Ovviamente la Casa Bianca riceve la relazione, che del resto conferma il parere negativo già espresso dalla Cia sulle segnalazioni fatte dal Sismi nell’ottobre 2001 a proposito del traffico di uranio Niger-Iraq, e il problema sembra chiuso. Fino a che, il 28 gennaio 2003, George W. Bush nel suo rituale discorso sullo stato dell’Unione, pronuncia la frase che deve giustificare l’attacco all’Iraq: “Il governo britannico ha saputo che Saddam Hussein recentemente ha cercato di acquistare significative quantità di uranio dall’Africa”. In realtà il governo britannico non ha saputo nulla di nuovo, le informazioni sono ancora quelle italiane, ma a Bush sembra che attribuirle al Sismi non aiuterebbe a renderle credibili. Indignato da quella presa in giro, Joe Wilson scrive sul New York Times un articolo raccontando la storia della sua missione, e la Casa Bianca reagisce facendo pubblicare da giornalisti compiacenti, tramite Lewis Libby, primo consigliere di Cheney, la notizia che la moglie di Wilson è un agente “sotto copertura” della Cia. Una rivelazione che è un crimine federale, e Libby, processato e condannato, evita 30 mesi di carcere solo con un’affrettata grazia presidenziale.
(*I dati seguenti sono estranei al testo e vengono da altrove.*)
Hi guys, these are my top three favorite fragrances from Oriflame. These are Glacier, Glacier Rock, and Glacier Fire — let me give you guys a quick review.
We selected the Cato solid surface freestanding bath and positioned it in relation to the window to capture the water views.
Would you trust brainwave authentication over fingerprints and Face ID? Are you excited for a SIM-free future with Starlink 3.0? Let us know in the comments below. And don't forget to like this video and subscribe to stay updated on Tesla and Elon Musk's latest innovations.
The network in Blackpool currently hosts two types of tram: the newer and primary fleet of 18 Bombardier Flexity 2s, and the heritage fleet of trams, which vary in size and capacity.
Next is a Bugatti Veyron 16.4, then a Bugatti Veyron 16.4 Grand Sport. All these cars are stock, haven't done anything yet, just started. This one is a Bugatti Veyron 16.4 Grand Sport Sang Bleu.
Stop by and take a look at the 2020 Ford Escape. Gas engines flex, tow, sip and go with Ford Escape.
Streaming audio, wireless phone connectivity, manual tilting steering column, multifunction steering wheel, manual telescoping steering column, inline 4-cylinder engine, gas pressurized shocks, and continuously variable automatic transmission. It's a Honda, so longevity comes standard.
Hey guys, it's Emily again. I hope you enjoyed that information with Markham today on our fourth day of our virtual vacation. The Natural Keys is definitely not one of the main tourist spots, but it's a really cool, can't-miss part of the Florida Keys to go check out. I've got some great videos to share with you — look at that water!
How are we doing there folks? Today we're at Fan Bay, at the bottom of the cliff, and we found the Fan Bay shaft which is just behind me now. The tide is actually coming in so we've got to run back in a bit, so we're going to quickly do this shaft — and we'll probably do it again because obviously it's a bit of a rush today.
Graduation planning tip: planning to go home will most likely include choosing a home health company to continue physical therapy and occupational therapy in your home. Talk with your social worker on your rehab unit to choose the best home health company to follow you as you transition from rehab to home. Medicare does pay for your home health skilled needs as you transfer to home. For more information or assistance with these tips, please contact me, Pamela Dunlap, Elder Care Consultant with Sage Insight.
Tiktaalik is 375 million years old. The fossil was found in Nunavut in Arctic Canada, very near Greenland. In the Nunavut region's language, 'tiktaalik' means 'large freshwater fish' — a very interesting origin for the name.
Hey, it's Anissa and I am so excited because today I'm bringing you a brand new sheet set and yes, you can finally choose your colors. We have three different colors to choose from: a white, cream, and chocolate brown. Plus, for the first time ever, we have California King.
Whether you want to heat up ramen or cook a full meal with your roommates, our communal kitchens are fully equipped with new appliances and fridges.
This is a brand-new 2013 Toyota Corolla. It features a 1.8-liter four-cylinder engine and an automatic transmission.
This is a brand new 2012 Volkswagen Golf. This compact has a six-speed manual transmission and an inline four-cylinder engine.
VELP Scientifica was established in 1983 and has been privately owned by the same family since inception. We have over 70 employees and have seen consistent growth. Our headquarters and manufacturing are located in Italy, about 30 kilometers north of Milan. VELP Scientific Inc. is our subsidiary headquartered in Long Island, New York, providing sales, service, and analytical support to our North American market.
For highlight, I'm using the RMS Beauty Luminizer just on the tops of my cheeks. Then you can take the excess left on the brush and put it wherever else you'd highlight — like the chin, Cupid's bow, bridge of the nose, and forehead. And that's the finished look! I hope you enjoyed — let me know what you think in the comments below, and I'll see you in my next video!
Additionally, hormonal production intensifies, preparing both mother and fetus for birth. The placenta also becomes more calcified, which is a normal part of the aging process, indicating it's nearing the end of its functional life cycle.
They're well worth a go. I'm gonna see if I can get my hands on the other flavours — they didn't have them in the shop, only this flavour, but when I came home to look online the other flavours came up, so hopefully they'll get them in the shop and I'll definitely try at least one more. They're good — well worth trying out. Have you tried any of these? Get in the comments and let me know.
Dietro ai fatti narrati da Valerie Plame Wilson si nasconde una vicenda che, malgrado la gravità della materia, ha toni nettamente farseschi. E’ vero che dall’ottobre 2001 il Sismi, allora diretto da Niccolò Pollari, trasmette alla Cia informazioni sull’uranio nigeriano destinato all’Iraq, informazioni raccolte da una sua fonte, una certa “Signora”, impiegata all’ambasciata del Niger a Roma, cautelandosi dietro la formula dell’“ipotesi”. Ma è anche vero che è in circolazione sullo stesso argomento un voluminoso dossier, messo insieme da Rocco Martino, ex carabiniere, ex collaboratore del Servizio segreto militare, con l’aiuto di un colonnello vice capocentro del Sismi fino al gennaio 2002 (quando va in pensione), e della sunnominata “Signora”. Un falso da cima a fondo, costruito in parte con fogli di carta intestata sottratti all’ambasciata, che Rocco Martino tenta di vendere a destra e a sinistra. Prima al capostazione della Cia a Roma, Jeff Castelli, che lo rifiuta sdegnosamente, poi, a Bruxelles ai servizi francesi e all’MI6 britannico, che dopo averlo esaminato lo respingono al mittente. Il dossier gira molto, ma tutti gli interpellati si rendono conto che è una “bufala”. Ma, rivela Valerie Plame, nel febbraio 2002 il vicepresidente Dick Cheney lo attribuì esplicitamente al Sismi. Mentre il Servizio segreto italiano doveva sapere, se lo sapevano tutti gli addetti ai lavori, che il dossier era un falso totale. Nato, perdipiù, nelle sue strette vicinanze. Ricordiamo che l’“affare” della “torta” nigeriana, all’origine del disastroso conflitto iracheno, fu ricostruita attraverso un’inchiesta dei giornalisti di la Repubblica Carlo Bonini e Giuseppe D’Avanzo, e che Belphagor ne parlò su Polizia e Democrazia nel novembre 2005. Forse ora, dopo il libro della Plame – che la Cia ha visionato, censurandone alcune parti per motivi di sicurezza, e avallando così il resto - si avrà qualche risposta. Forse.